If you find yourself in a similar situation, you may want to look at how those skills might be transferred to a different type of work altogether – something that enables you to earn more but doesn’t require the same level of stress. Unless you absolutely loved your old career (this person did not), you may be unconsciously sending out signals that you’re only seeking the job because it pays better than what you’re doing now, which is not particularly attractive to a potential employer. If you’re passionate about the work, that goes a long way toward overcoming hesitancy about the time spent away from it.
You also might consider using those skills to do freelance or contract work, where you’re hired at a higher hourly or project rate for a specific period of time. The employer gets the benefit of your skills and you get the benefit of the income (and also recent experience for future job prospects), but neither of you is committed long-term to the other. It can be a win-win if it’s properly set up, and more and more employers are using these types of arrangements to keep down costs and full-time headcount.

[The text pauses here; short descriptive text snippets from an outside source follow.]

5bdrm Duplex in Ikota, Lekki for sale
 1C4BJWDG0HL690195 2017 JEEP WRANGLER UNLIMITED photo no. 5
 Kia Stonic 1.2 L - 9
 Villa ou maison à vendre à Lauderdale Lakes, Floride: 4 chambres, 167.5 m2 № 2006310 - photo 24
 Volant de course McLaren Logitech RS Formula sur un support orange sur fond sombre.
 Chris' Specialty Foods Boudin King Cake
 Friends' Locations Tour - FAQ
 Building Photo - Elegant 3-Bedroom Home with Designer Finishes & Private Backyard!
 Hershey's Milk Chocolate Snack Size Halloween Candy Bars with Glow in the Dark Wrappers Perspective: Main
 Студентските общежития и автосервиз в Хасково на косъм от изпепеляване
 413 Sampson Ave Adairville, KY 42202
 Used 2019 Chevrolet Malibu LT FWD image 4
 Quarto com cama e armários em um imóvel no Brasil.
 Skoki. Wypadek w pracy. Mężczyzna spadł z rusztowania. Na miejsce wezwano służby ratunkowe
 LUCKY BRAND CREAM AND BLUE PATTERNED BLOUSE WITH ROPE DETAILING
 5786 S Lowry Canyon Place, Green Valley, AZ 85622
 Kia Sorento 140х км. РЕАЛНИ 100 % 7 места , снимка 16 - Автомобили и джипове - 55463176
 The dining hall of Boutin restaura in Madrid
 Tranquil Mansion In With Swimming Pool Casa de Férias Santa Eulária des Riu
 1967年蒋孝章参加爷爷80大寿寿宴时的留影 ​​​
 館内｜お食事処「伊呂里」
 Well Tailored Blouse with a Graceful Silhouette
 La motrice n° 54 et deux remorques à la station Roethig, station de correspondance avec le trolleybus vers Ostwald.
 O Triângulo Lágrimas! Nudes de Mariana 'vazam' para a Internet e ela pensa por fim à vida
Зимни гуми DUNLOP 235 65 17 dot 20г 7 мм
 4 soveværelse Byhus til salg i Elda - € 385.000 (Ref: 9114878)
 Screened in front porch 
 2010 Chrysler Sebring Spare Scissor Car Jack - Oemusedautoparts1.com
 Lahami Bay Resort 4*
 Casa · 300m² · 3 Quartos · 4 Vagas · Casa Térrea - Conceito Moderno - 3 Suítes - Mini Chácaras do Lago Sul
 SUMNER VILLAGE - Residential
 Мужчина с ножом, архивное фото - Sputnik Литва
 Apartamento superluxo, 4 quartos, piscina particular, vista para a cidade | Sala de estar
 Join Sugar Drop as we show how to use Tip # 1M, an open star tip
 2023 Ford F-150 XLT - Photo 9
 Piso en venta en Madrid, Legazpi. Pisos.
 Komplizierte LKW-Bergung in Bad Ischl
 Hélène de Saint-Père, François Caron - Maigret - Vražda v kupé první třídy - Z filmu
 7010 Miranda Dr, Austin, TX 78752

Whatever type of re-entry may be an issue for you, one of the best ways to resolve it is to write down your concerns or what you think might be holding you back. Try making columns, the first one is the issue/concern and in the next column the reframe – what is the benefit or how could this be turned into an asset instead of a liability. For example, if you’ve been out of the workforce for awhile, what did you learn during that time that could benefit others? What skills did you use that you could monetize?
Also, think about what really works for you versus what is giving you anxiety. If it’s something you loved before, have you perhaps evolved beyond it? Or, like my anxiety, is it simply because you haven’t done it in awhile? Is it time for a new direction instead of trying to go back to where you were before? Or do you just need to work your way into it slowly?
Challenges are almost always here to teach us something. Be honest with yourself, and see what you discover!